Rights of data subjects

If Personio SE & Co. KG as the controller processes personal data, you as the data subject have certain rights under Chapter III of the EU General Data Protection Regulation (GDPR), depending on the legal basis and the purpose of the processing, in particular the right of access (article 15 of the GDPR) and the rights to rectification (article 16 of the GDPR), erasure (article 17 of the GDPR), restriction of processing (article 18 of the GDPR), and data portability (article 20 of the GDPR), as well as the right to object (article 21 of the GDPR).
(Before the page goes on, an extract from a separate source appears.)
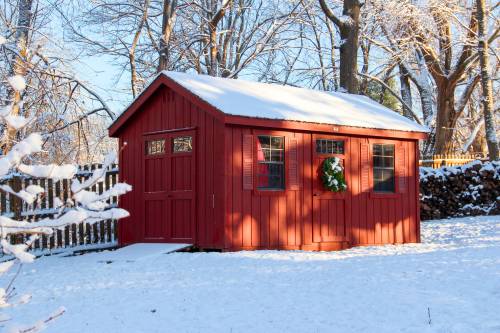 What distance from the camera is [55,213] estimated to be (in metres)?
13.7

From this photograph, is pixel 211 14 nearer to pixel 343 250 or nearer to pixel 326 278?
pixel 343 250

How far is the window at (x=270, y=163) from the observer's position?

If the personal data is processed with your consent, you have the right to withdraw this consent under article 7 III of the GDPR. To assert your rights as a data subject in relation to the data processed for the purpose of operating this recruitment website, please refer to Personio SE & Co. KG’s Data Protection Officer (see item B).

Concluding provisions

Personio reserves the right to adjust this data privacy statement at any point in time to ensure that it is in line with the current legal requirements at all times, or in order to accommodate changes in the services offered, for example when new services are introduced. In this case, the new data privacy statement applies to any later visit of this recruitment website or any later job application.